Records excerpted from a collection
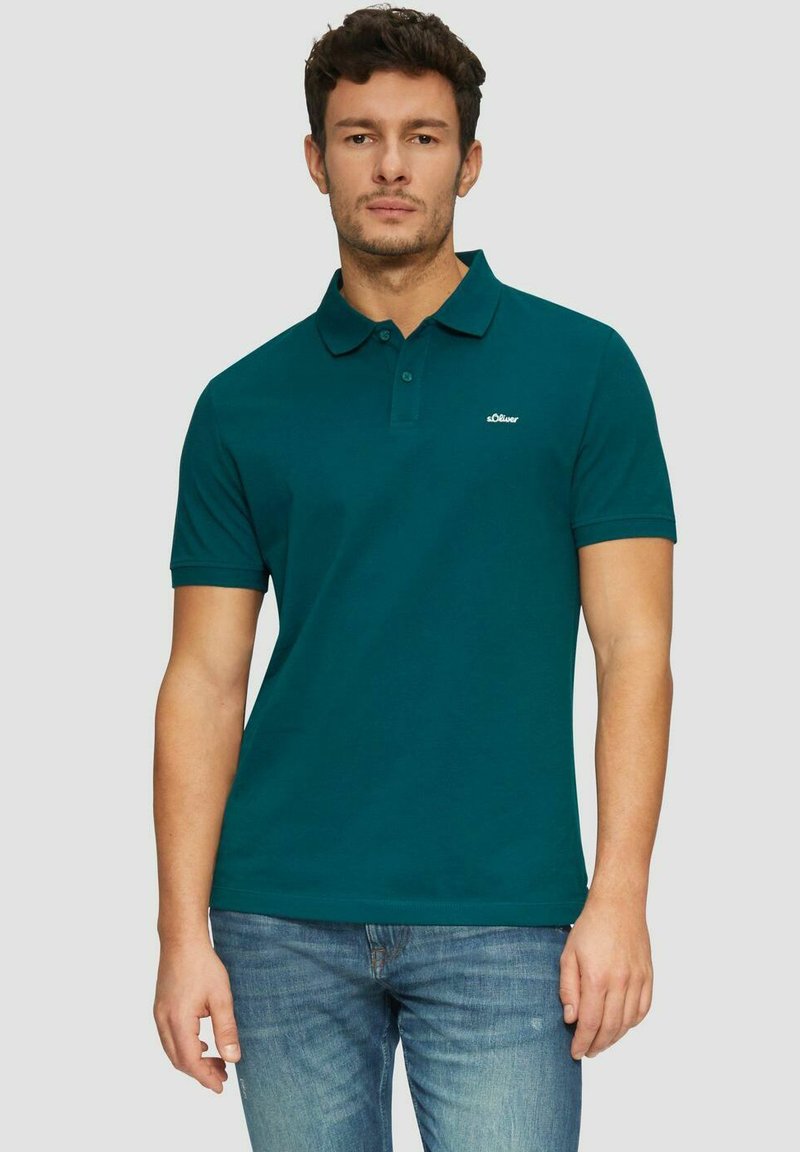 Türkisfarbener Poloshirt mit klassischem Kragen, Zweiknopf-Leiste, kurzen Ärmeln und kleinem Logo auf der linken Brust. Aus Baumwollstoff, lockere Passform.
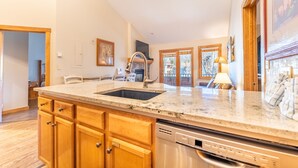 A kitchen with wooden cabinets, a stainless steel sink, and a dishwasher.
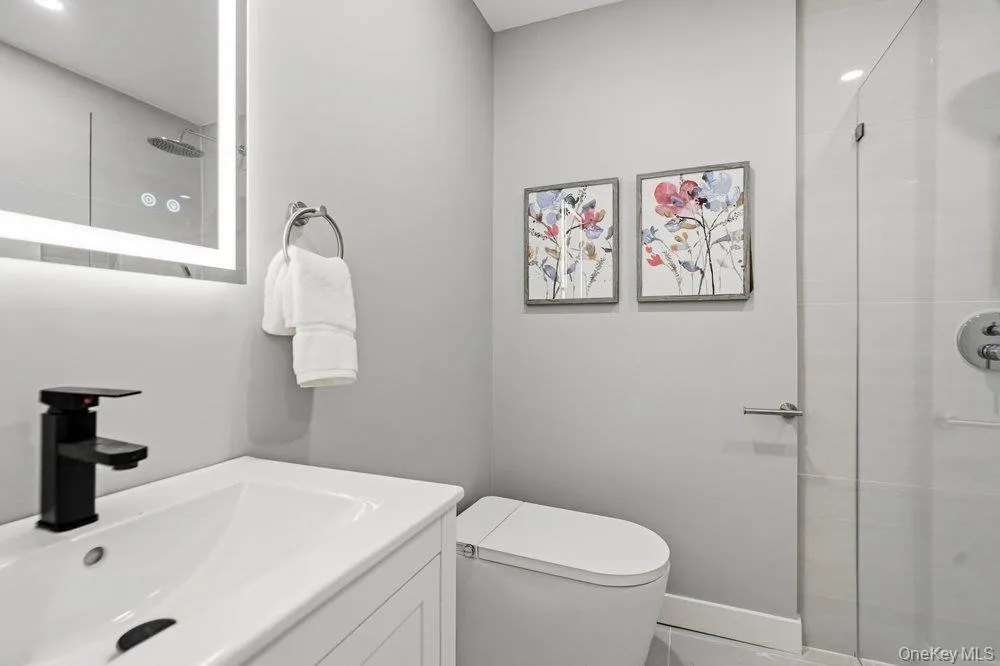 Modern bathroom featuring Contemporary vanity with an integrated sink, matte black faucet, and an illuminated mirror Modern bathroom featuring Contemporary vanity with an integrated sink, matte black faucet, and an illuminated mirror
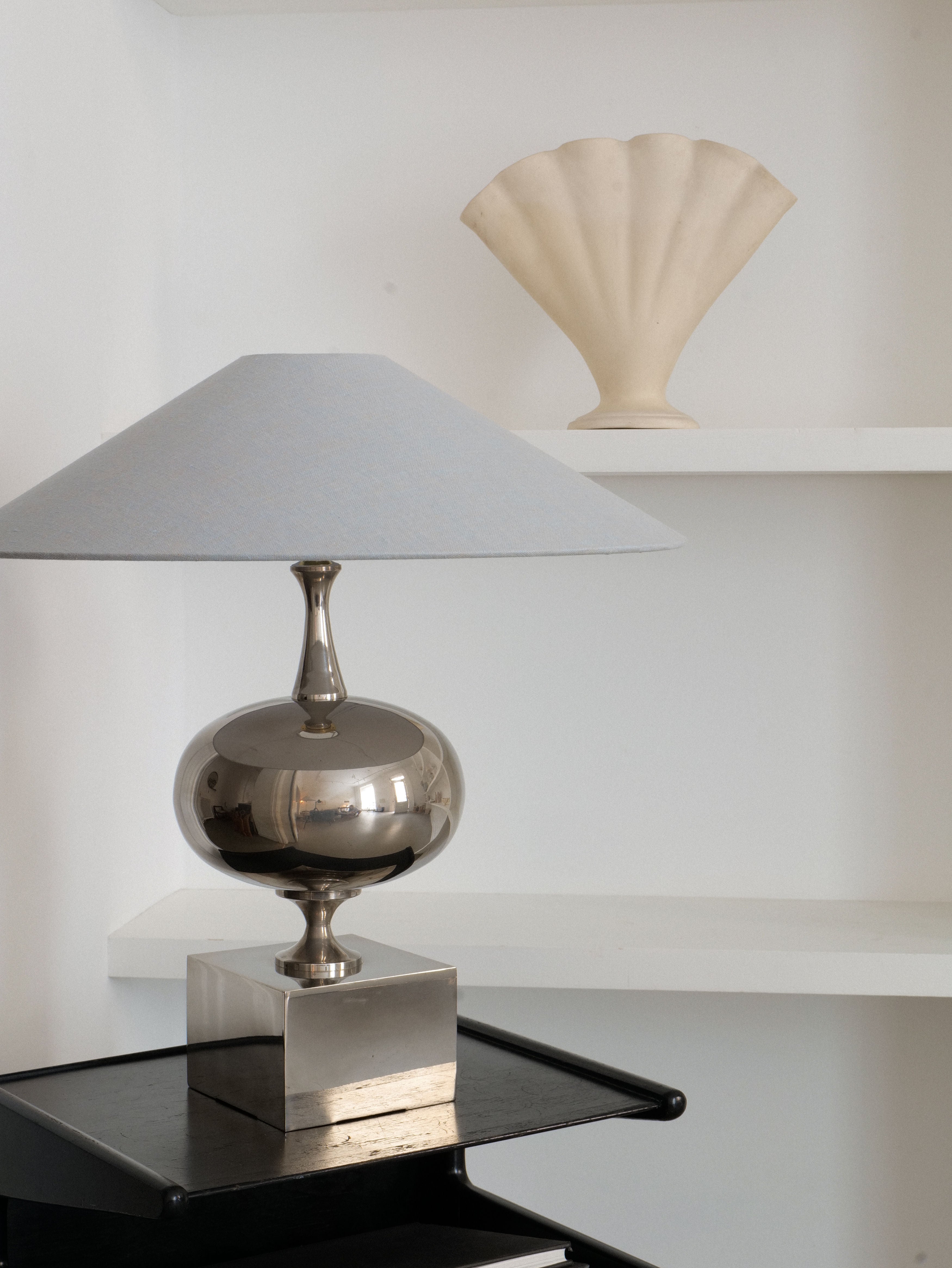 A Philippe Barbier Sculptural Lamp from the 1970s by Collection Apart, featuring a chrome over brass base and a blue shade, sits on a black side table in front of white shelves. On the upper shelf, there is a beige seashell-shaped decor piece. The background is minimalistic, with a neutral color palette.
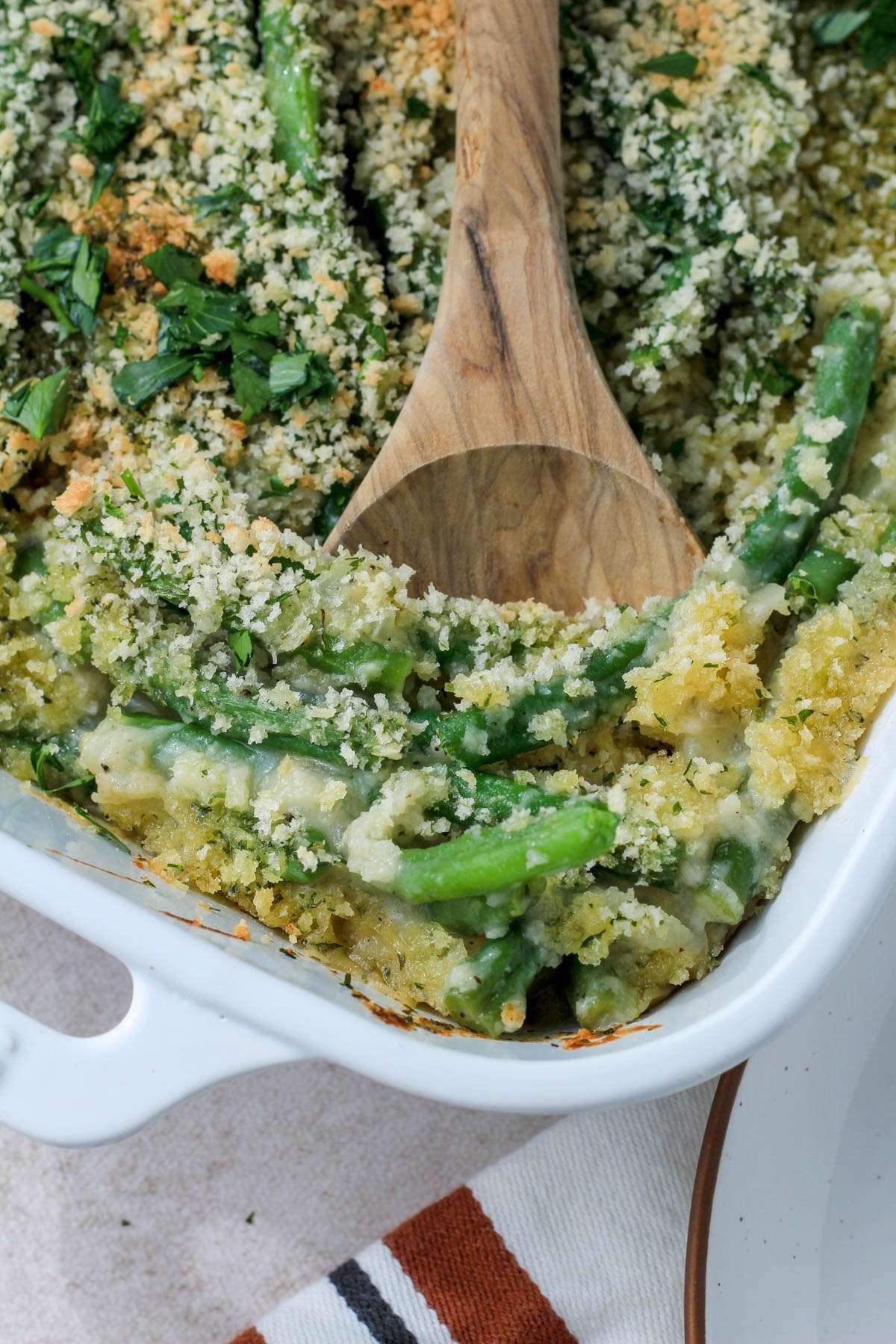A wooden spoon scooping out vegan green bean casserole from a white dish.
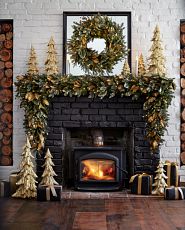 A fireplace decorated with Christmas wreaths, garlands, and accent trees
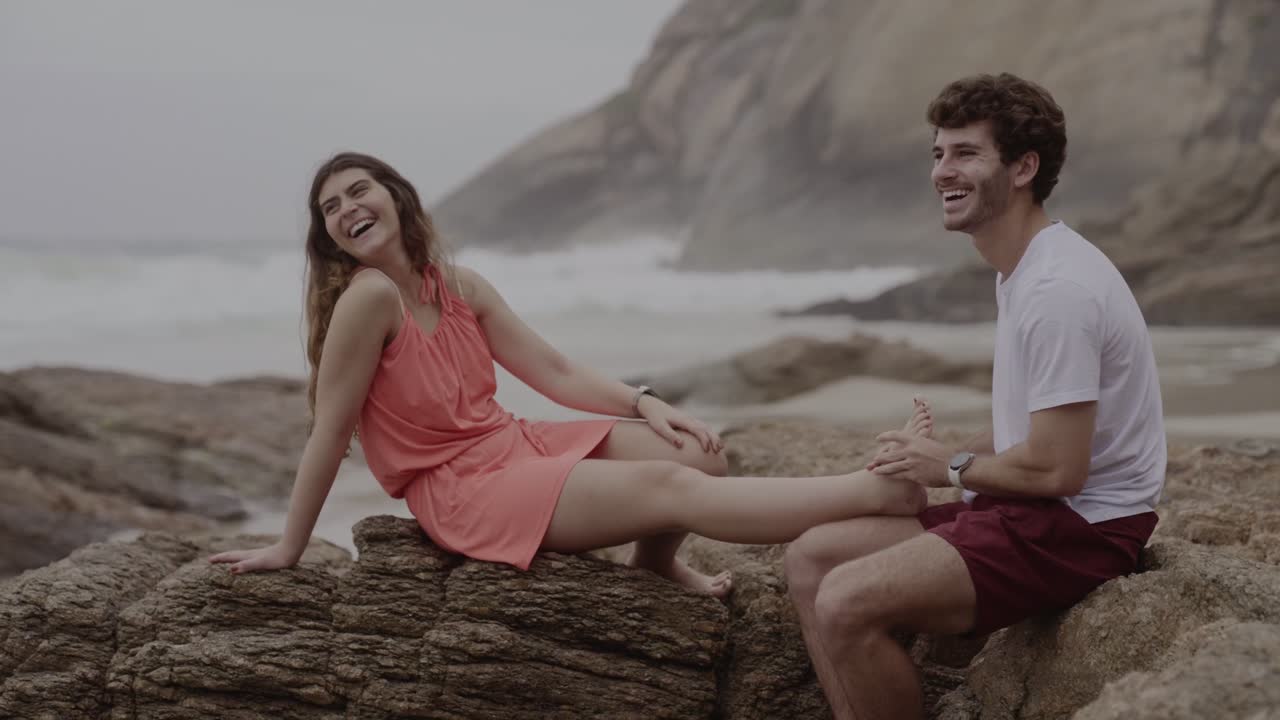 A couple enjoys a relaxing foot massage on a rocky beach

Exercise instructions: Only the lines from the one containing "A kitchen with" through the end of the records should be copied, exactly and with both ends included; the pictures should not.

Answer:
 A kitchen with wooden cabinets, a stainless steel sink, and a dishwasher.
 Modern bathroom featuring Contemporary vanity with an integrated sink, matte black faucet, and an illuminated mirror Modern bathroom featuring Contemporary vanity with an integrated sink, matte black faucet, and an illuminated mirror
 A Philippe Barbier Sculptural Lamp from the 1970s by Collection Apart, featuring a chrome over brass base and a blue shade, sits on a black side table in front of white shelves. On the upper shelf, there is a beige seashell-shaped decor piece. The background is minimalistic, with a neutral color palette.
A wooden spoon scooping out vegan green bean casserole from a white dish.
 A fireplace decorated with Christmas wreaths, garlands, and accent trees
 A couple enjoys a relaxing foot massage on a rocky beach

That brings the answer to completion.